Jusqu’ici, on pourrait presque dire que tout va bien. Seulement, Giovanna est trouvée morte dans son bain à une semaine du mariage. Il apparaît vite qu’elle a été tuée par son amant et Francesco tentera de trouver le meurtrier tout en avalant de travers la pilule du cocu le plus en vue de la région.

Malgré le fait que la prémisse de départ évoque les belles années de Dynastie, ce roman est plus facile d’approche qu’il n’en a l’air. Après avoir lu dans la même collection La saison des massacres de Giancarlo De Cataldo qui m’avait laissé dans une grande confusion, j’avais quelques réticences à me lancer dans ce roman sur les riches industriels et les familles de pouvoir. Raconté en parallèle à la troisième personne et par la voix de Francesco Visentin, Padana City est l’histoire de cette jeune génération qui se dissocie de la destinée déjà dessinée par l’héritage familial pour mener une vie loin des associations frauduleuses et de l’argent sale. À bien y penser, c’était là l’une des idées qui ressortait de La saison des massacres. Peut-être l’Italie est-elle due pour un petit changement d’huile.

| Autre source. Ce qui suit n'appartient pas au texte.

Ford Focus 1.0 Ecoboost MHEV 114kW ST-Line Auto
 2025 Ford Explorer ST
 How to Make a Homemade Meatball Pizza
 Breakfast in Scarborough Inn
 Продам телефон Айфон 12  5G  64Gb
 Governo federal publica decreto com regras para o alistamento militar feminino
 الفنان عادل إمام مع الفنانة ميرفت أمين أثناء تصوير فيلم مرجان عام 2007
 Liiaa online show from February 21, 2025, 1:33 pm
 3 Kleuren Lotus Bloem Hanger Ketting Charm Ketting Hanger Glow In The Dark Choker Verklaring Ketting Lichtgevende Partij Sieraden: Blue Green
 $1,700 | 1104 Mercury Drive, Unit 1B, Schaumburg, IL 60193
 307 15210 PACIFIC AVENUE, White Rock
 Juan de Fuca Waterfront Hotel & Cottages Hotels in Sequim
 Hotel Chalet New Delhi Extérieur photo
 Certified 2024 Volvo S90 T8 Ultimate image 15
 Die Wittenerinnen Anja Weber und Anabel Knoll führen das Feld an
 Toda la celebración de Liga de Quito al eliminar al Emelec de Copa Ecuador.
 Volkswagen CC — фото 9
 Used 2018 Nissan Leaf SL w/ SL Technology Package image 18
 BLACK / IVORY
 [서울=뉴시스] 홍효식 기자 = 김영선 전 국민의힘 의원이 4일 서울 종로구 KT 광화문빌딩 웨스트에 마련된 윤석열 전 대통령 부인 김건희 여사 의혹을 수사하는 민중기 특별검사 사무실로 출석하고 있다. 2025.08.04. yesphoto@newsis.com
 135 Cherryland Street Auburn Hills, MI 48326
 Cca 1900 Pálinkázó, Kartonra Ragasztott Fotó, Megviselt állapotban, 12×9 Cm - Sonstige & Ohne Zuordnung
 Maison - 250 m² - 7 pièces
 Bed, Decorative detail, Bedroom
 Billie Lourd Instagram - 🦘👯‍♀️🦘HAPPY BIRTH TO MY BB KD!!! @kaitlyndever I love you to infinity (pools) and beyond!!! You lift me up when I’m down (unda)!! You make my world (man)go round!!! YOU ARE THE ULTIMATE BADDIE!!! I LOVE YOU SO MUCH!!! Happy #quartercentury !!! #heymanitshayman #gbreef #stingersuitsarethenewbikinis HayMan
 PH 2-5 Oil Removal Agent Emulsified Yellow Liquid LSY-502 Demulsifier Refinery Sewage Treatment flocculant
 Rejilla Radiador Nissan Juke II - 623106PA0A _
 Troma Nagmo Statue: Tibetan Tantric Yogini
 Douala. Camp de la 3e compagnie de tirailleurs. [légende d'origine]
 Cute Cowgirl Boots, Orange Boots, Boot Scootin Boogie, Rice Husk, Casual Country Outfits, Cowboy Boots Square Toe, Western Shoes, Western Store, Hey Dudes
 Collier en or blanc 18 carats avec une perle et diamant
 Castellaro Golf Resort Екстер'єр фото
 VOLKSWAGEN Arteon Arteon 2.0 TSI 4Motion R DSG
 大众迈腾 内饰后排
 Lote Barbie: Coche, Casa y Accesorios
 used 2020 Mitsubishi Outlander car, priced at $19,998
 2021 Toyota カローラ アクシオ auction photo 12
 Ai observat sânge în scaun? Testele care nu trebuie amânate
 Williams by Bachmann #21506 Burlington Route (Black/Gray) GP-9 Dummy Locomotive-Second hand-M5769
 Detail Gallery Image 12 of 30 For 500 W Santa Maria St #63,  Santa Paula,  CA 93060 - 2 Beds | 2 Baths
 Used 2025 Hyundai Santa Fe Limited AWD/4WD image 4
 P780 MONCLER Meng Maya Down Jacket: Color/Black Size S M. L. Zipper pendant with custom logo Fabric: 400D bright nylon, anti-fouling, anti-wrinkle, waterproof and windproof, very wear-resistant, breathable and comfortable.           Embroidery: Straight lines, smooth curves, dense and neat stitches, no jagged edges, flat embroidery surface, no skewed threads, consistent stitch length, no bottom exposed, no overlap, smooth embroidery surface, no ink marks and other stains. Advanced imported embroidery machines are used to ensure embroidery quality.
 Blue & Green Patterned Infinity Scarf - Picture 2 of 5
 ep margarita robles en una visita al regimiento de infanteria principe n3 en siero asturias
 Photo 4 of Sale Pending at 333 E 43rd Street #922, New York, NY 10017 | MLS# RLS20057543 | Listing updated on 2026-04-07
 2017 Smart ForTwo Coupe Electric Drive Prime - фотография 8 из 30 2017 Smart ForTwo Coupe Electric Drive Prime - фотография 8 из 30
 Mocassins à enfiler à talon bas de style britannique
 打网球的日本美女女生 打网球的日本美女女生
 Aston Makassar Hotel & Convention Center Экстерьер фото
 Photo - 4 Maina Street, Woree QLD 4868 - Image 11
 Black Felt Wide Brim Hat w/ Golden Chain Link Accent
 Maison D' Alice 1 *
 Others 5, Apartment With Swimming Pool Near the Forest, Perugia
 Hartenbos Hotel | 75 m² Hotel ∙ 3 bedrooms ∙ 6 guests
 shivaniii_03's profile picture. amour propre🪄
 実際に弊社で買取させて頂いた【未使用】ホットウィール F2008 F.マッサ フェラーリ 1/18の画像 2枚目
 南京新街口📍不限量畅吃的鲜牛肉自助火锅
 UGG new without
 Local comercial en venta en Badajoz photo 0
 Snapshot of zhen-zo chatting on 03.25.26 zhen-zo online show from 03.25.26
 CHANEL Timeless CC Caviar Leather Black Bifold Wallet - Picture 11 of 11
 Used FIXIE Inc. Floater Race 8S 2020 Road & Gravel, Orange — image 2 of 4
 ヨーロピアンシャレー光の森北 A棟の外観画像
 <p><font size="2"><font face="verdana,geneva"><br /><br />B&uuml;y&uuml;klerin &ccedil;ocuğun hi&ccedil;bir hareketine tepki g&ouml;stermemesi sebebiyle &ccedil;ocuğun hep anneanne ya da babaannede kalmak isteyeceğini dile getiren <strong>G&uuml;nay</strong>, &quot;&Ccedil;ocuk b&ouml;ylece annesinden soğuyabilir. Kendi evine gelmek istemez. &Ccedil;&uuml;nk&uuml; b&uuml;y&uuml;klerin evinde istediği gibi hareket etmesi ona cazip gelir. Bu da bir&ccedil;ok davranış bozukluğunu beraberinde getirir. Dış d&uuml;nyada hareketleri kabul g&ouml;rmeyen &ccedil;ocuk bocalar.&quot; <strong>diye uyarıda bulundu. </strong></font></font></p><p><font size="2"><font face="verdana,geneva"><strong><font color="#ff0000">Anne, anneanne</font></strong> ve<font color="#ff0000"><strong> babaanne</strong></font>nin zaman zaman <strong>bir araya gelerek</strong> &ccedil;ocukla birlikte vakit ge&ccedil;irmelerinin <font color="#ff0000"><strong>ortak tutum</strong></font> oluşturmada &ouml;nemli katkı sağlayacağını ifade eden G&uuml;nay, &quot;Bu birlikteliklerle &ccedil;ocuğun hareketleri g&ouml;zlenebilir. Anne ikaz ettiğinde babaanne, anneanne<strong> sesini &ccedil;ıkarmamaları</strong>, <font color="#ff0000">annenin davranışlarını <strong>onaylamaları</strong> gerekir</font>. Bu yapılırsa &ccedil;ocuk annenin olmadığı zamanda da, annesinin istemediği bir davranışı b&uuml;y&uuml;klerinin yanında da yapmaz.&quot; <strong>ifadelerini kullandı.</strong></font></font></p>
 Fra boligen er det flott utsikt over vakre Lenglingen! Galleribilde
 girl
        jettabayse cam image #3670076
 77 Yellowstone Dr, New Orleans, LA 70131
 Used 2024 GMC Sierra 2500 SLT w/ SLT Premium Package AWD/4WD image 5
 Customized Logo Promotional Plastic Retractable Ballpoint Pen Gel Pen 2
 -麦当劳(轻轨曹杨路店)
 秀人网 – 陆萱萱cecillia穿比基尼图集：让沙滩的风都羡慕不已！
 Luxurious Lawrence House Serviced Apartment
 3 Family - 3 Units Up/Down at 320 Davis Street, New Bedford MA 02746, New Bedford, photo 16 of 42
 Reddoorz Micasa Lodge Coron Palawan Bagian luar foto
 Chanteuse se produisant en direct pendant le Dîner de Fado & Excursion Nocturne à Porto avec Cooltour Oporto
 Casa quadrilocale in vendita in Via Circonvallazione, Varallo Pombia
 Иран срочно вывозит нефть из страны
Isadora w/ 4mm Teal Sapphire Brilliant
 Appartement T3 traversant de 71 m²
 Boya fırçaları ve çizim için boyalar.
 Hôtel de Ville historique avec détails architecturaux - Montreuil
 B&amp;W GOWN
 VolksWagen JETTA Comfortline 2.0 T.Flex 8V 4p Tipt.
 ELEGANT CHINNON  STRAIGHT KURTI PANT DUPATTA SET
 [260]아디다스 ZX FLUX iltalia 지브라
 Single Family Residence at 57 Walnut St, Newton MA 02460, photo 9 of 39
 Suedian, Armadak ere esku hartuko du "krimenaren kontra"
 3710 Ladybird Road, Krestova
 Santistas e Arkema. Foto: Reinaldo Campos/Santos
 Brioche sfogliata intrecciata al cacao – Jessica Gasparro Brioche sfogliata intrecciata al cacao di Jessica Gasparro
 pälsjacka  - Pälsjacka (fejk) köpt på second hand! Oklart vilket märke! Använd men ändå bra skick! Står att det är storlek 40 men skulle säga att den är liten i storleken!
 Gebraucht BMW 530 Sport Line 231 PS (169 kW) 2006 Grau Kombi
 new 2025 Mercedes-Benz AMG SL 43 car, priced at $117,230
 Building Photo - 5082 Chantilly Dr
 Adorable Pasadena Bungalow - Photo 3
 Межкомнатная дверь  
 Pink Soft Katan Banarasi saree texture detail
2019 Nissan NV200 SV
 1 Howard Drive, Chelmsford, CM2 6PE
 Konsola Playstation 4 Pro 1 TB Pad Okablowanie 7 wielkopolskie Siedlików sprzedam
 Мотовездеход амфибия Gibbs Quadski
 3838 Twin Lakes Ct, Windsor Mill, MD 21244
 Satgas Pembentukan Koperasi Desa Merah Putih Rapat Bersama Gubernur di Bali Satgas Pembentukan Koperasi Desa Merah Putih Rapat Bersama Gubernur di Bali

Quoiqu’il en soit, le roman avance et on y découvre des faits troublants et les enjeux réels. Le meurtre de Giovanna était loin d’être passionnel. Et Francesco fonce vers la vérité et continue là où la justice doit s’arrêter, faute de couilles. Entre mafia roumaine clandestine, élimination illégale de déchets toxiques, journalisme à sensation, ainsi que de nouveaux liens de parenté qui se révèlent à chaque cinquantaine de pages, Padana City nous raconte une Italie désolante et corrompue, à un rythme qui nous pousse à vouloir en savoir plus, malgré quelques petits points brouillons dont nous ne ferons pas grand cas.

Carlotto a déjà publié quatre romans chez Métailié, alors que Videtta, scénariste de métier, signe ici sa première œuvre littéraire. Ça me mystifie toujours un peu, que de voir un roman écrit à deux. Mais bon, dans le cas présent, ils ont l’air de plutôt bien s’entendre.